A year before Shokat published his work and Wellspring licensed his compounds to J&J, two other labs reported molecules that bind to different shallow pockets on KRas.
Genentech scientists and Vanderbilt University’s Stephen Fesik both used nuclear magnetic resonance to identify chemical fragments that interact with KRas. They then either optimized those fragments or stitched them together into molecules that land in adjacent spots and increase overall binding strength. Fesik pioneered the NMR-based approach to drug design in the late 1990s while working at Abbott Laboratories, and it has proven a good way to find inhibitors of tough targets.
Unfortunately, neither the molecules from Genentech nor Fesik’s lab have proven capable of shutting down KRas, UCSF’s McCormick notes. Fesik continues to look for ways to turn off the protein.
“Most people’s best ideas were from 2000 and earlier. We’re in a whole new generation of technical capabilities.”
—Don Nicholson, CEO, Nimbus Therapeutics
But that research, along with Shokat’s, did reveal critical structural insights and tool compounds for others interested in pursuing KRas. Nimbus, for one, decided that both the science and the technology had evolved enough to devote resources to KRas. With its partner Schrödinger, a leader in computational chemistry, Nimbus began working on KRas about 18 months ago.
Computer-based methods have been tried with tough targets like KRas before, but the difference today is that computational chemists now recognize that their focus needs to expand beyond 3-D structural insights, quantum physics, and molecular interactions to include the time-based movement of the protein.
“It’s a bit like Jell-O,” Nicholson says. “There’s constant movement, and other small molecules modify the structure. To make computational chemistry usable, you have to predict those things mathematically.”

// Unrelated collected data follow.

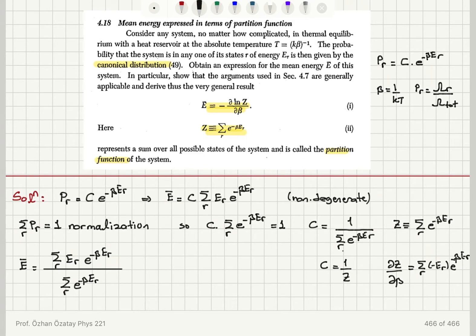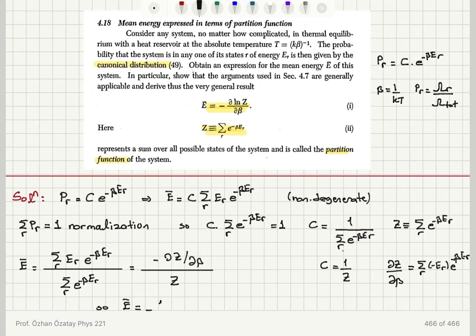The factor appearing in the numerator is basically minus the derivative of the partition function with respect to beta, while the denominator is just Z. So we find that the mean value of the energy of the system is minus 1 over Z times del Z del beta, which we can recognize as minus del ln Z with respect to beta.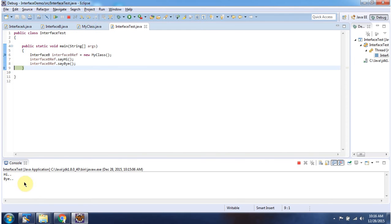Here you can see the output. And this is about how one interface can extend another interface. Thanks for watching.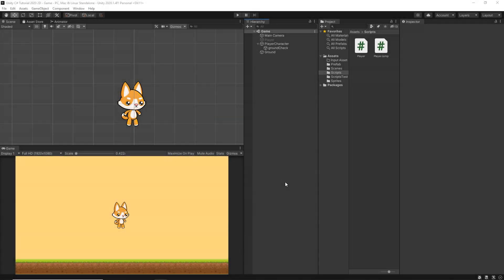Hi everyone, this is Raja from Charger Games and welcome back to another Unity C Sharp 2D video. In this video we are going to learn how to make your player jump very easily with some simple lines of code using C Sharp. So let's get started.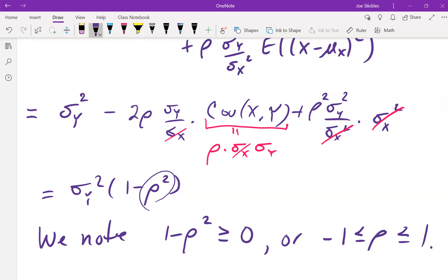There are two big reasons why we care about this result. Number one: the correlation coefficient must always be between −1 and 1 — we just proved that. The second: if ρ is 1 or −1, the expected squared error is zero, meaning perfectly linear. And σ²_Y·(1 − ρ²) will appear again in the next section for the bivariate normal distribution.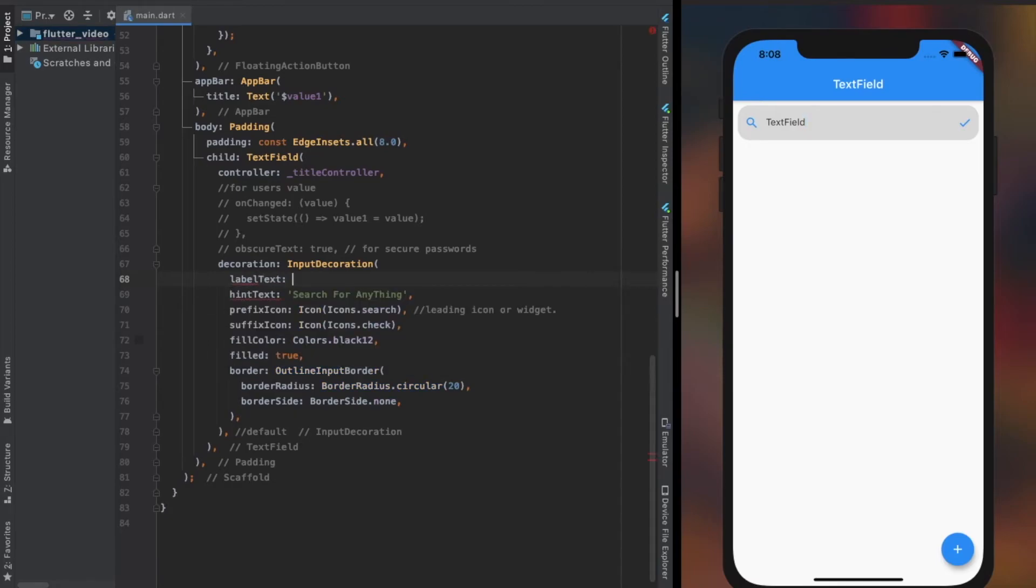We can decorate it using the labelStyle property in the same way we decorate hintStyle text.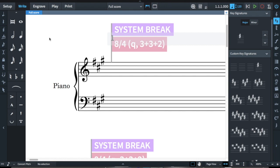Hello everyone, it's Steven Weigel here. As someone who's been getting into 31 tone equal temperament more lately, I decided to notate the key signatures out for all of the diatonic scales, because 31 can do those.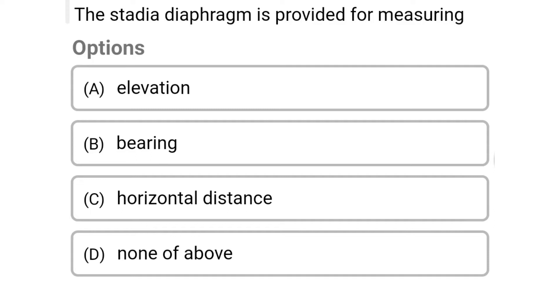Welcome to civil engineering exam. Today we are going to see the MCQ related with surveying in the topic of tachometric surveying.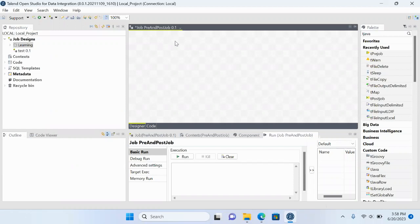Today we will check how to use a few more components like tPreJob and tPostJob. These two components are most frequently used in almost each and every Talend job.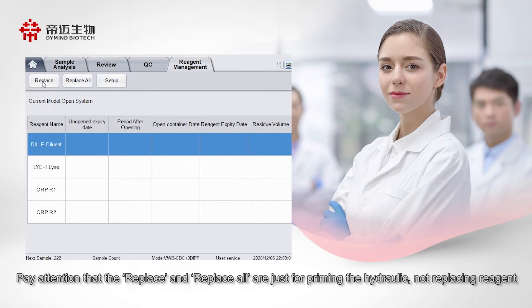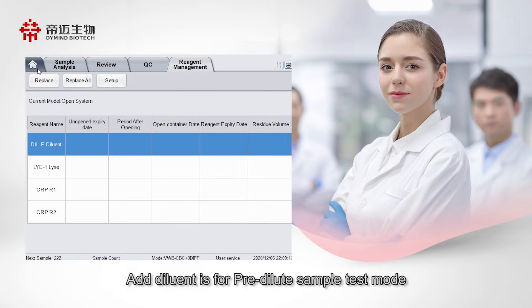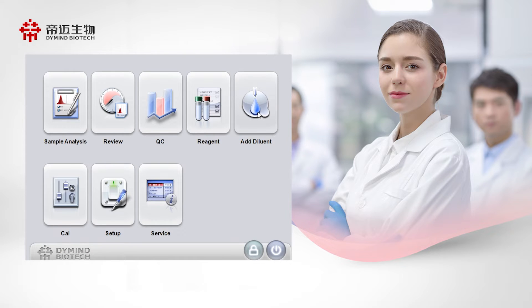Please note that Replace and Replace All are only for priming the hydraulic system, not for replacing reagent. Add Diluent is for the pre-dilute sample test mode.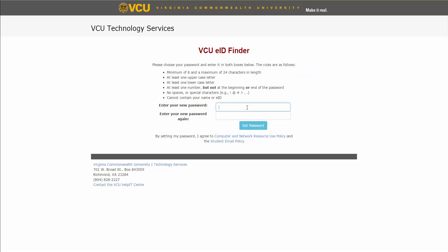This will take you to the password reset page, where you can create a new password following the requirements listed above.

Nimbus is trying to build such movement into its KRas program. Already, the effort has yielded four so-called “cryptic” binding sites on the enzyme—pockets that are revealed only when KRas flexes and bends. Nimbus is now combining computational chemistry with NMR-based technologies and crystallography to look for compounds that bind to those sites. “Is that easy?” Kapeller asks. “No, it isn’t easy.”

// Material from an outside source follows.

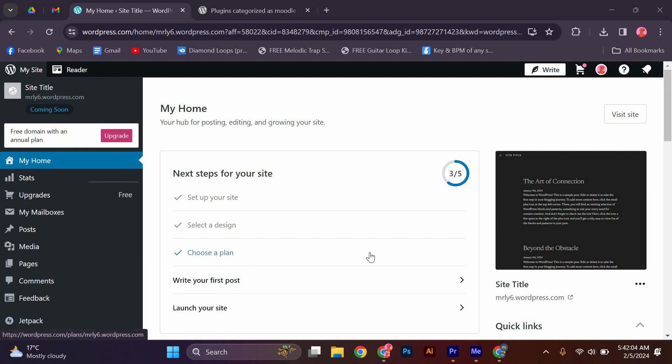Hello guys, welcome to my channel. In this video, I'm going to show you how to integrate Moodle with WordPress. It is a fast and easy tutorial.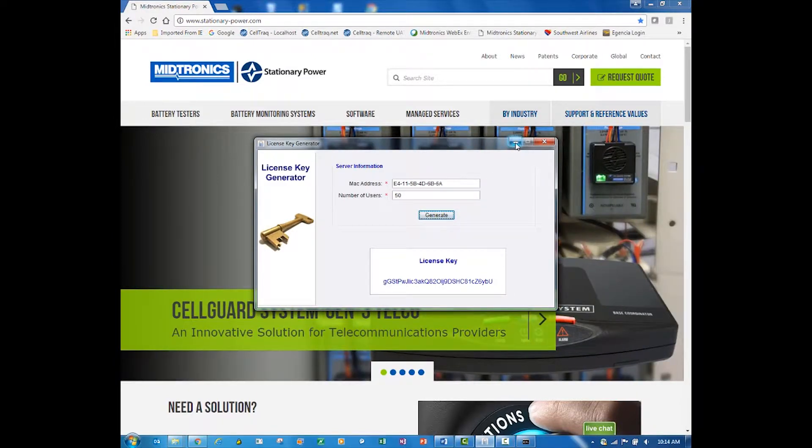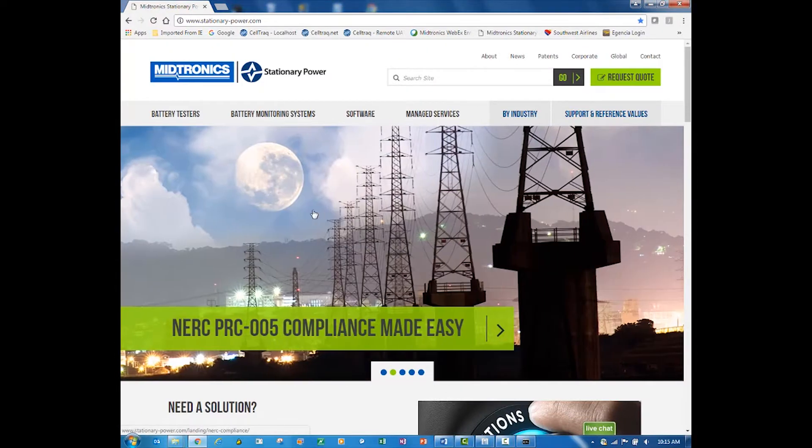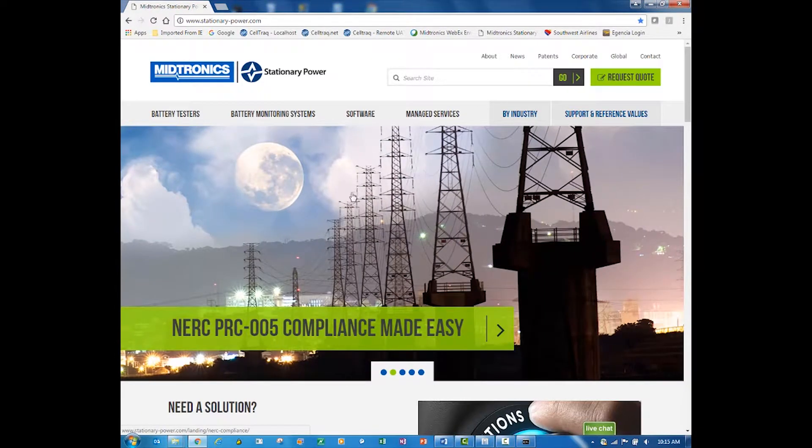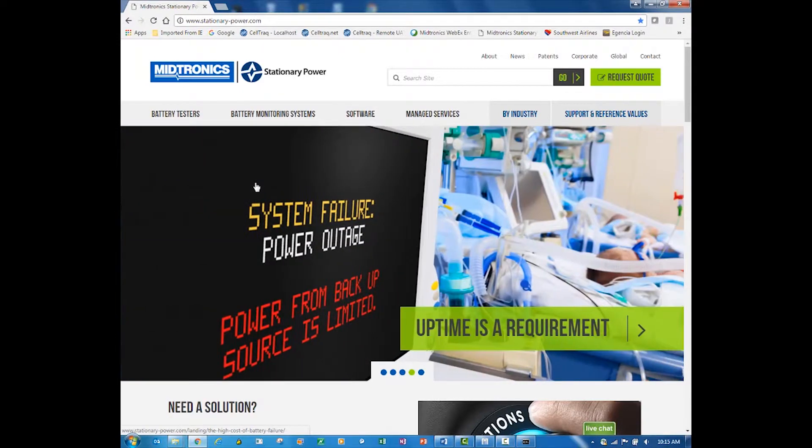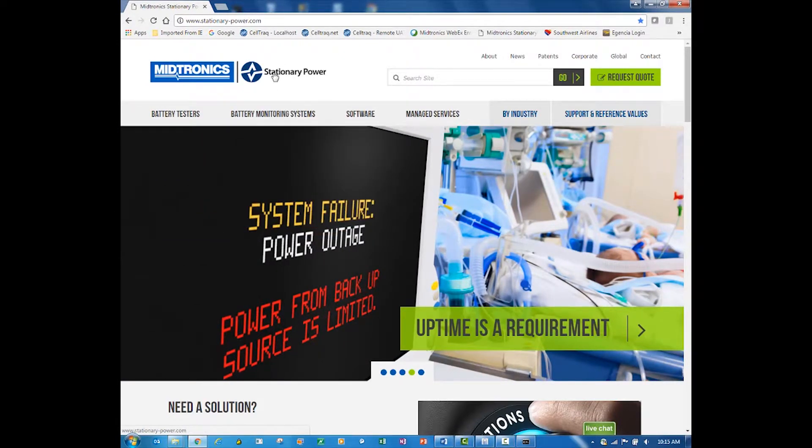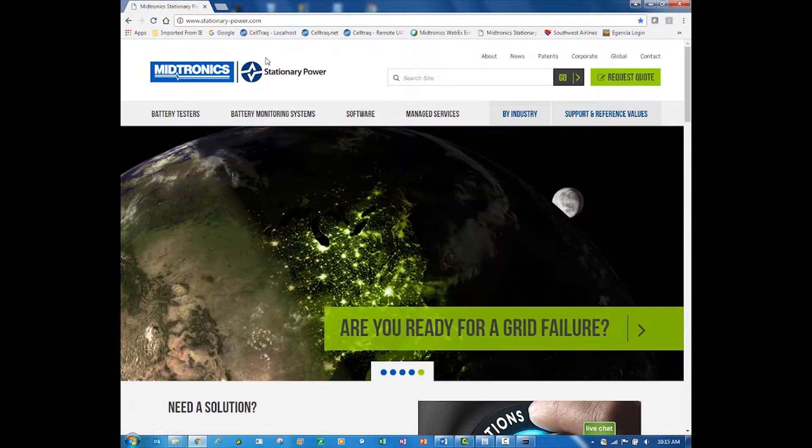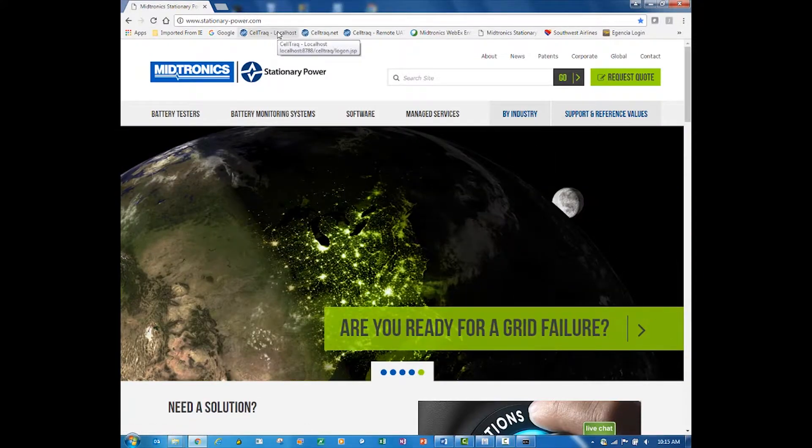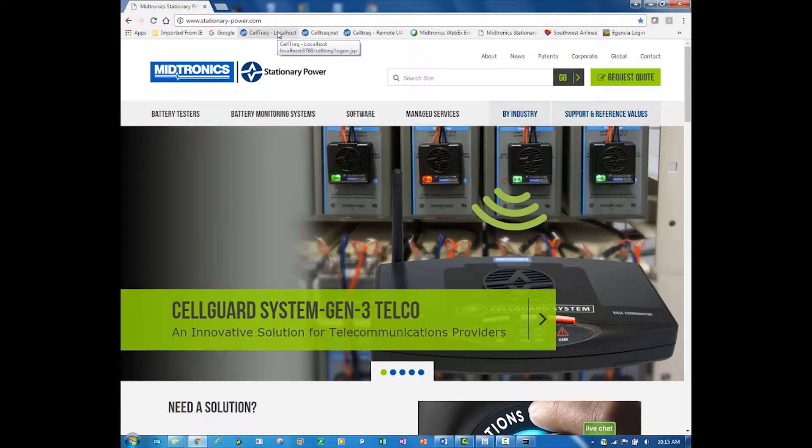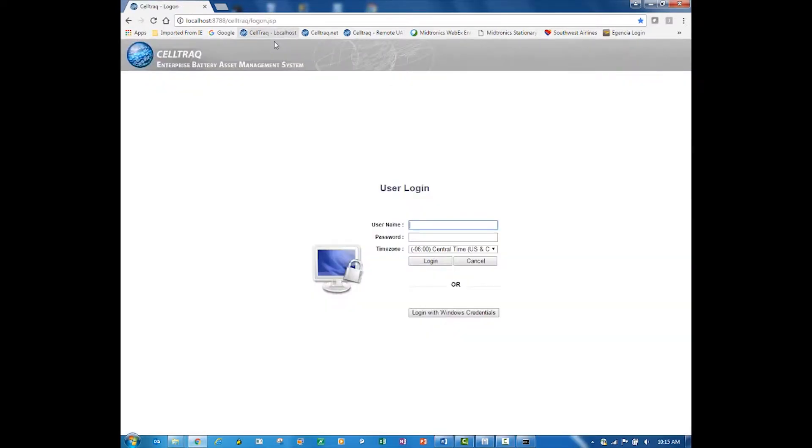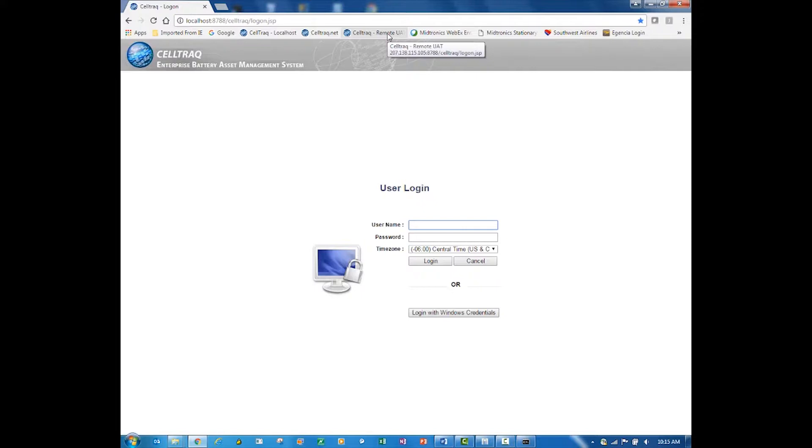We email this license key back to you, and that's going to allow you to get your CellTrack started up. So let's say now you have your license key back from Medtronics. What you want to do is get to your CellTrack, and you're going to do that from a browser.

Nimbus is also trying to capitalize on natural products’ ability to bind to tough proteins like Ras. The goal isn’t to use natural products as drugs but to study how they bind to the protein and incorporate key elements of that interaction into molecules built from scratch. The method proved effective in other programs at Nimbus, notably in the design of allosteric inhibitors of acetyl-CoA carboxylase, compounds recently licensed to Gilead Sciences for fatty liver disease.
Because KRas represents a ginormous challenge, Nimbus is looking for collaborators that can bring complementary expertise to the table. Nicholson says the company hopes to secure a partner for its KRas program by early next year.

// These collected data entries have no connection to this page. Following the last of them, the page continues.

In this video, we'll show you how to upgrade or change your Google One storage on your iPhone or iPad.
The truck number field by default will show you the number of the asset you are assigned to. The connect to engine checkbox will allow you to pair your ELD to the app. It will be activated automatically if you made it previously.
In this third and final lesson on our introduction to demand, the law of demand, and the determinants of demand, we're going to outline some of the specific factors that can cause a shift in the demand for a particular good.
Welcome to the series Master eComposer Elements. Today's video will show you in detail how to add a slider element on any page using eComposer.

Columbia University chemist Brent Stockwell also relied on computational chemistry to design small molecules that block Ras. Knowing that drug developers have long been stymied by the protein’s shallow pockets, Stockwell decided to increase the binding strength by finding two footholds rather than one. Using computational drug design, Stockwell docked molecules into adjacent pockets and then linked them to create noncovalent inhibitors of KRas.
Those compounds were spun off of Columbia as a company called Kyras Therapeutics, which recently opened labs in New York City. “One of the things that was truly unique about Brent’s program is that he not only developed the molecules but he took them in vivo,” showing they have reasonable pharmacokinetic properties and activity in mice, says Carlo Rizzuto, a partner with the investment firm Versant Ventures and CEO of Kyras. “I don’t know too many Ras inhibitors that have achieved that.”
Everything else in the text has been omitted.